Enfin, la police insiste sur le fait que le suspect serait propriétaire de 7 biens immobiliers (sans les préciser).
En quoi cela devrait-il être un élément à charge ?
Il existe un nombre considérable d'investisseurs immobiliers en France ayant fait fortune grâce à des revues spécialisées (Par exemple : Mieux Vivre votre argent). Un brigadier de police n'a pas les facilités de la haute fonction publique de la police pour toucher des sommes en liquide. Rien n'interdit de penser qu'il ait pu pallier cet inconvénient par l'intelligence d'investir dans l'immobilier. Surtout que la polcie est venue ensuite corriger que ces biens viennent de sa femme... N'y aurait-il pas une certaine jalousie dans la police ?
En conclusion, une fois encore, on s'étonnera de la diligence dans la police à matraquer le petit personnel quand tout indique que la hiérarchie n'est pas à la hauteur.
La procédure de la Bac Nord de Marseille s'est soldée par une purge dans le petit personnel, mais, comme par hasard, pas un officier ni un commissaire n'est responsable de quoi que ce soit. Ils n'ont rien vu. Comme pour les 52 kilos de cocaïne... Sachant que la procédure de la Bac Nord soulève également un problème de faux en écriture publique (Bac nord de Marseille: la justice cherche toujours ses ripoux).
La question de la négligence hiérarchique se pose pareillement dans la poursuites des mutilations infligées par l'usage du Flash-ball et celle des faux dans la répression des manifestants de Nantes.
L'actualité montre avec constance que les soutiers de la police passent facilement au tourniquet mais, qu'en revanche, la rigueur pénale et administrative témoigne d'une grande mansuétude - tout aussi constante - pour la crème policière.
L'ancien directeur de la police judiciaire de la préfecture de police renseignait un ministre sur une procédure judiciaire et le conseillait pour répondre aux juges qui le convoquaient (Financement libyen : le coup de fil qui compromet le patron de la PJ parisienne). Il n'y a pas eu d'enquête ni de poursuite disciplinaire.
L'affaire Neyret est sortie des écrans radars. Toni Musilin se demande où sont passés les deux millions et demi disparus. Paris Match avait soulevé le doute. Ca fait combien de kilos ?
L'ancien directeur de la police judiciaire est parti pantoufler dans la banque immédiatement après sa mise à la retraite au mépris du code pénal et de la prohibition du conflit d'intérêt (Un flic à la Fédération Bancaire Française : Compétences et conflits d’intérêts). Personne ne s'en est ému malgré l'affaire Cahuzac et l'adoption de la loi n° 2013-907 du 11 octobre 2013 relative à la transparence de la vie publique renforçant la prohibition très stricte du conflit d'intérêt (Loi transparence : le dernier décret anti-conflits d'intérêts enfin publié). Il n'y pas eu de poursuite non plus. C'est carnaval.
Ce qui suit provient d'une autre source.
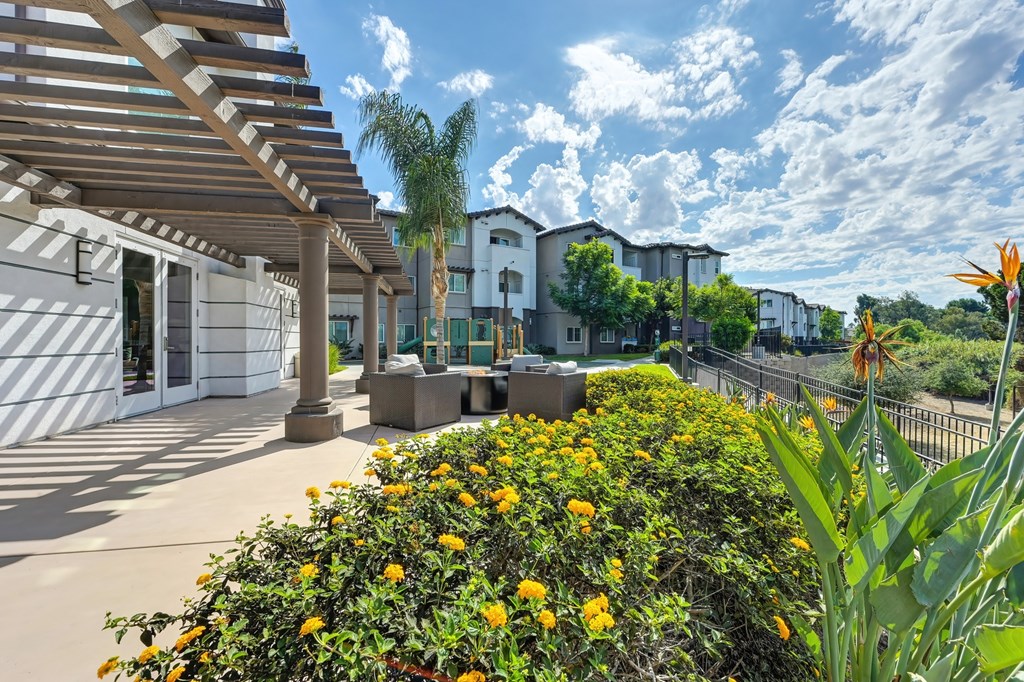 A sunny day at a residential area with apartment buildings and a fence.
Les commissaires de l'IGPN et de l'IGS poursuivis pour faux en écriture publique ne sont pas inquiétés par la justice ni suspendus par l'administration. La commission d'une infraction criminelle dans la police ne suscite beaucoup moins d'émotion dans la classe politique qu'une publicité pour les poulets.
Il n'y a pas de procédure administrative d'ouverte dans le trafic de billet au sein du ministère de l'intérieur révélée par l'affaire Guéant (Frais d'enquête: 34 millions d'euros pour le cabinet du patron de la police en dix ans). Il faut motiver la hiérachie pour faire cogner sur les manifestants et la détention de forte sommes en argent liquide n'est répréhensible dans la police que pour le petit personnel. On ne parlera pas des propriétés immobilières...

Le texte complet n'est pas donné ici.